Apart from changes to the wiring loom to allow its lights to be powered, there were a handful of big changes necessary to get the bike ready for the road. First off the RS250R runs open carbs. The later model has ram air and an enclosed air box, but TYGA’s early model had just a tray so everything from stones to flies could be sucked into the carbs. The solution was to install one of the later ram air model enclosed air boxes which TYGA itself produces, and open the inspection door at the front to allow for air to enter via the forward section. And within the air box itself, TYGA installed a sheet of air filter to fully seal the rear part of the air box where the carbs suck. Clever. Next up, its chokes – on a stock RS250R, the chokes are operated by two knobs on the carb bodies themselves, but to make it easier TYGA added a choke lever near the radiator which can be operated via cables.
Another interesting addition is its sidestand.

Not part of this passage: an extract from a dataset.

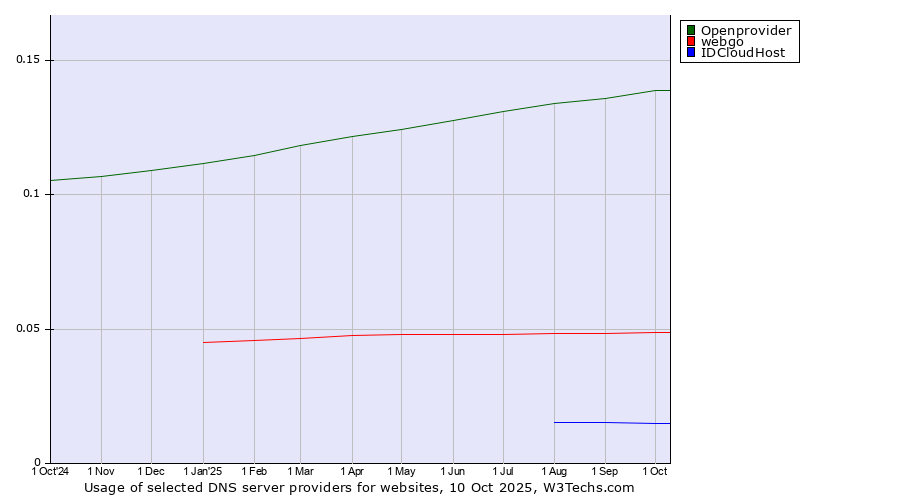 Historical trends in the usage of Openprovider vs. webgo vs. IDCloudHost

Of course, the RS250R is designed as a pure out and out race bike, and as a result doesn’t (usually) need a stand. But TYGA came up with a novel solution, making a bespoke stand itself, which tucks behind the bikes front fairing when not in use.
As you’d expect, it’s a well kitted out machine, with Brembo GP4-RXs linked to the Brembo 19RCS master cylinder via a HEL brake system, and an Ohlins shock at the rear – but other than that, the chassis modifications are mostly small, detail oriented changes. Wheels are a pair of beautiful, white rims supplied to TYGA exclusively for the bike. Other TYGA components include a set of stainless steel exhausts with carbon/kevlar silencers, a CNC step kit, a 3D printed fuel filler cap.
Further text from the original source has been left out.